Records provided Start Marker

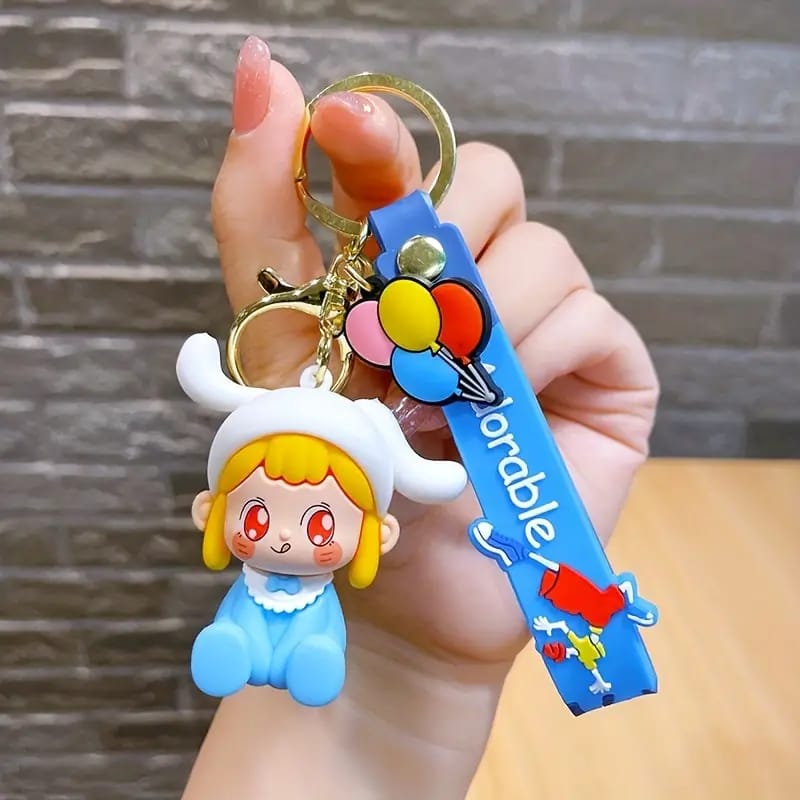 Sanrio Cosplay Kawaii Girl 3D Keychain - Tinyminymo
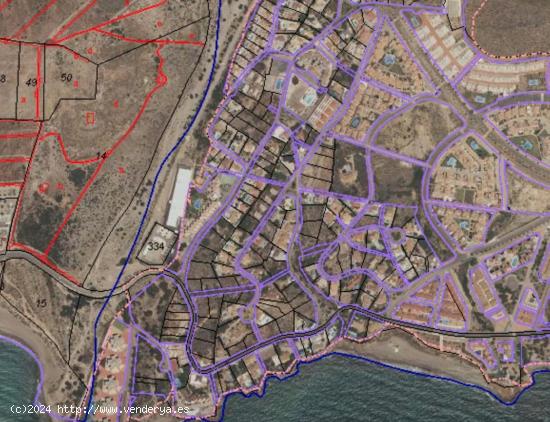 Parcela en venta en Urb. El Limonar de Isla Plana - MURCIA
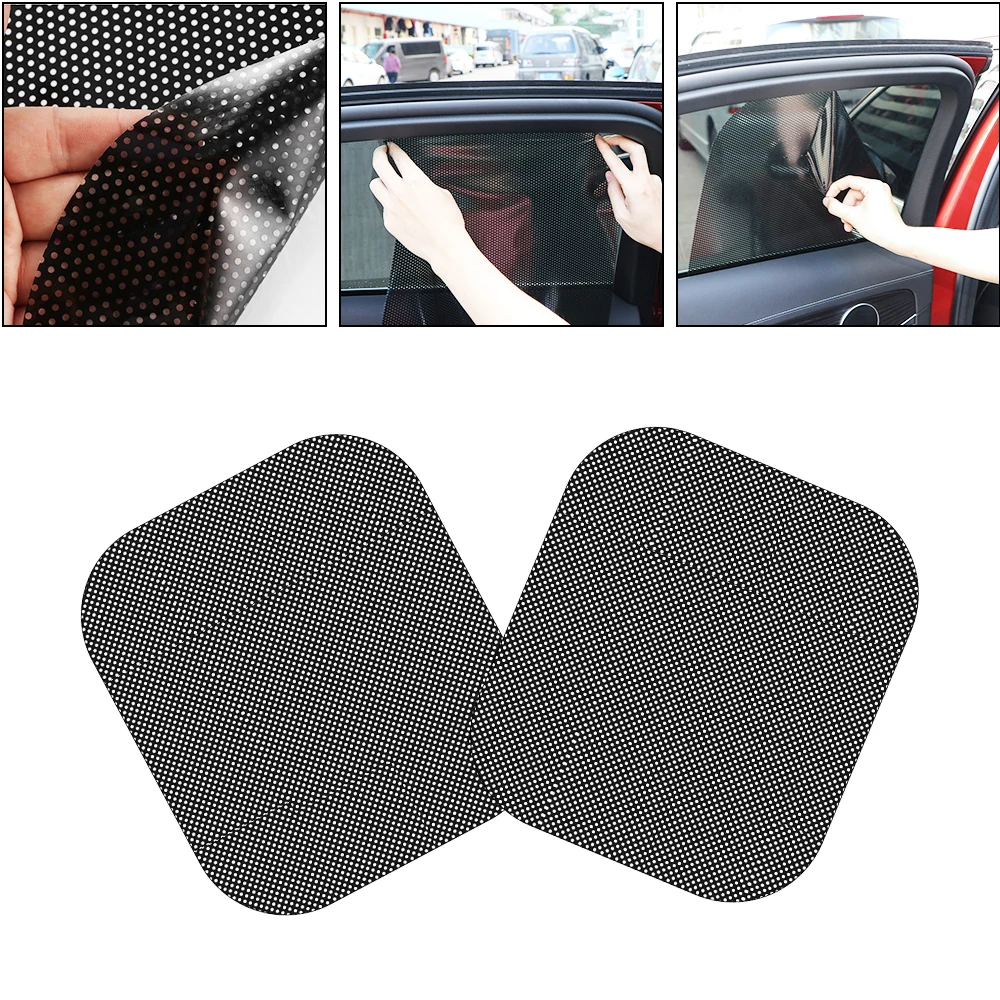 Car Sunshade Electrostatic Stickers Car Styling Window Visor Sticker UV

Records provided End Marker
Records provided Start Marker

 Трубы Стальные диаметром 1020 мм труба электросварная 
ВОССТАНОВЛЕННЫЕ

Records provided End Marker

In the listing above, find the line with "Parcela en venta" and output every line through the one with "Car Sunshade Electrostatic", exactly, without the pictures.

Solution to the exercise -
 Parcela en venta en Urb. El Limonar de Isla Plana - MURCIA
 Car Sunshade Electrostatic Stickers Car Styling Window Visor Sticker UV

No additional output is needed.